Whenever work is done whereby a lien or liens may be claimed under Article 5452 hereof, it shall be the duty of the owner ... to retain in his hands during the progress of such work and for thirty (30) days after the work is completed, to secure the payment of artisans and mechanics who perform labor or service, and to secure the payment of any other claimants furnishing material, or material and labor, or specially fabricated material for any contractor, ... ten percent (10%) of the contract price to the owner, ... or ten percent (10%) of the value of same, measured by the proportion that the work done bears to the work to be done, using the contract price or, if none, the reasonable value of the completed work as a basis of computing value. All persons who shall send notices in the time and manner required by this Act and shall file affidavits claiming a lien not later than thirty (30) days after the work is completed, shall have a lien upon the fund so retained by the owner ...; with preference to artisans and mechanics, who shall share ratably therein to the extent of their claims; with any remaining balance to be shared rat-ably among all other participating claimants.
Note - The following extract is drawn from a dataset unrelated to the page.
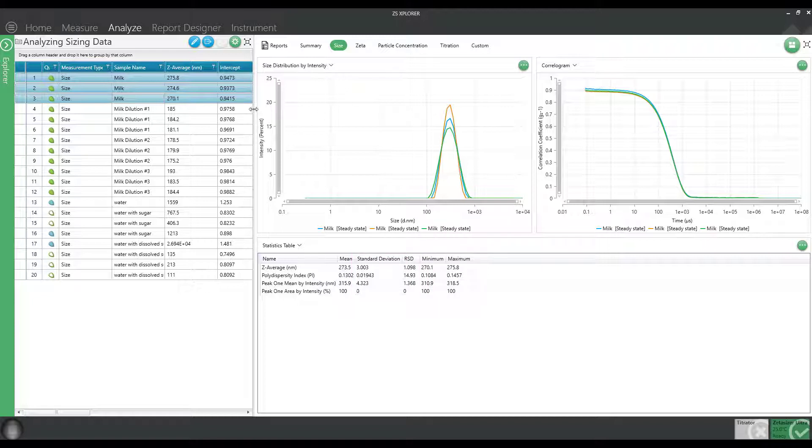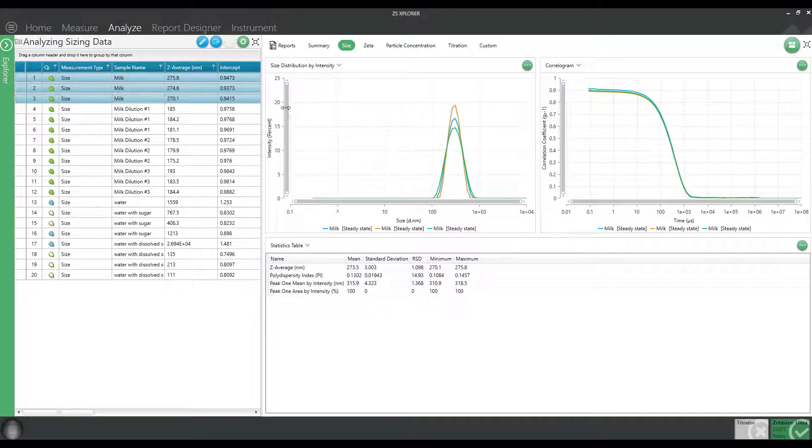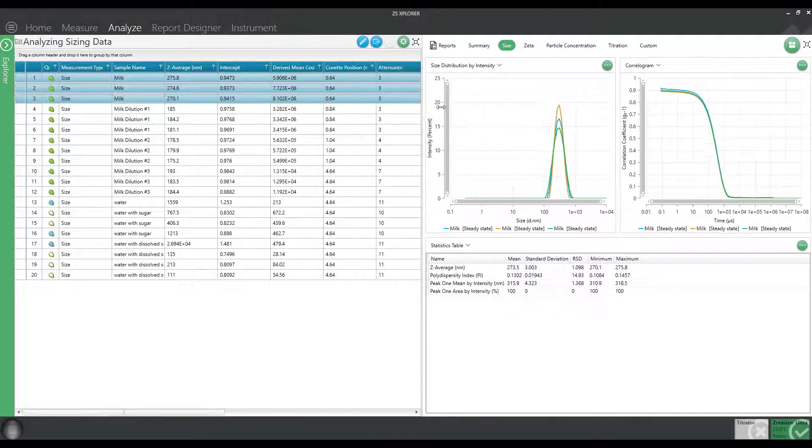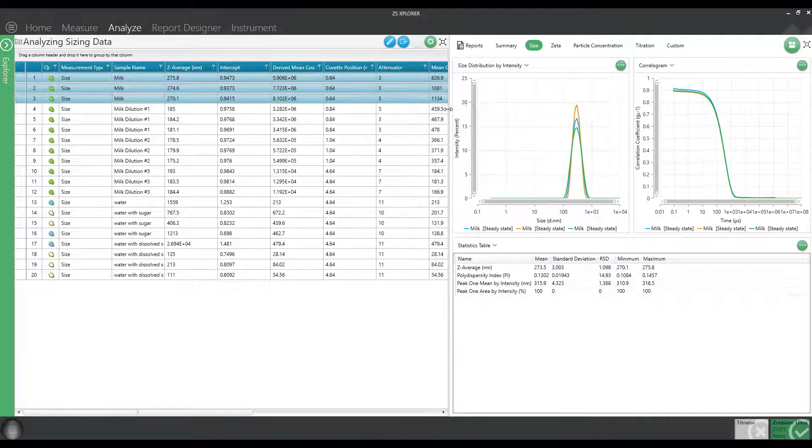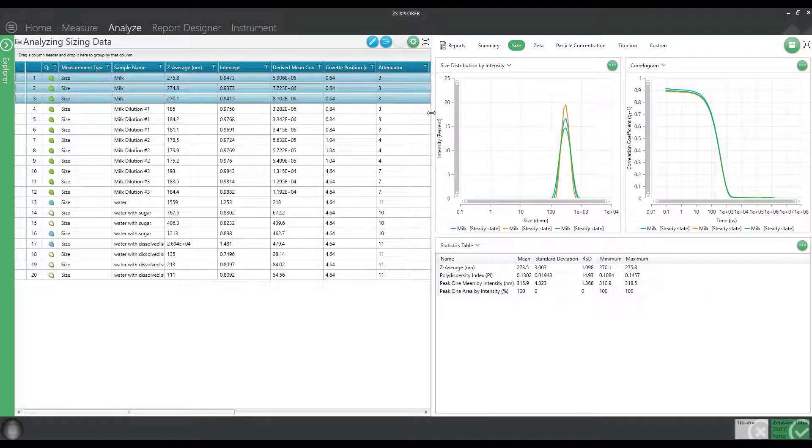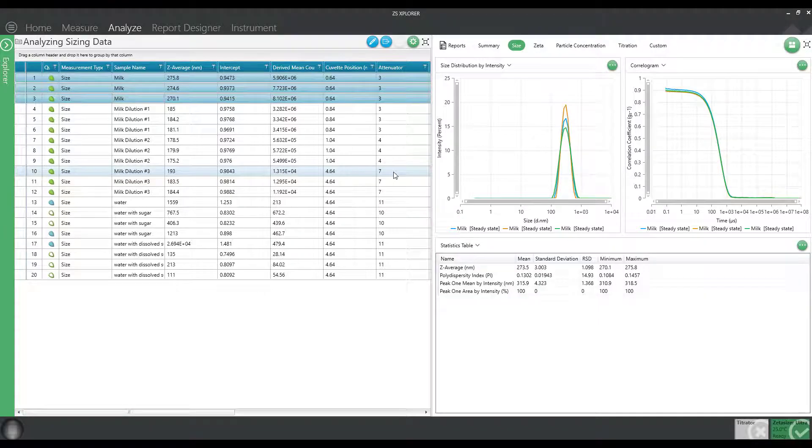However, if you look to the record view, you can start to display a couple different values that may give you hints about the concentration range relative to the instrument.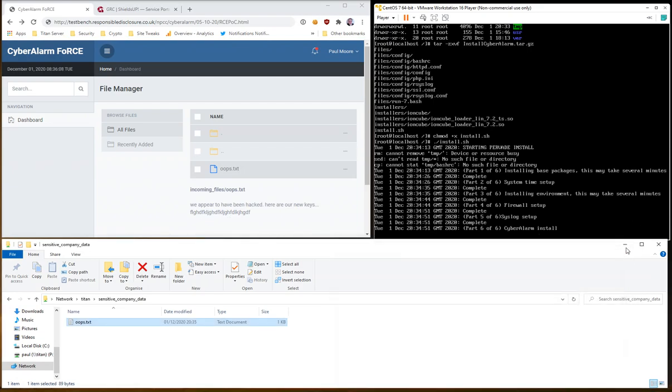Now even if you were to uninstall cyberalarm at this point it won't matter. The damage has already been done and the attackers are now on your network. Just bear in mind they can just as easily pull data as they can update and add data to your network. So if they were to execute ransomware it could cripple your business.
If the owner ... refuses or fails to comply with the provisions of this Article, then all claimants complying with the provisions of this Act shall share ratably among themselves, with preference to artisans and mechanics as above specified, liens at least to the extent of the aforesaid fund of ten percent (10%) which should have been retained, as against the house, building, structure, fixture, or improvement and all of its properties, and on the lot or lots of land necessarily connected therewith, to secure the payment of such liens.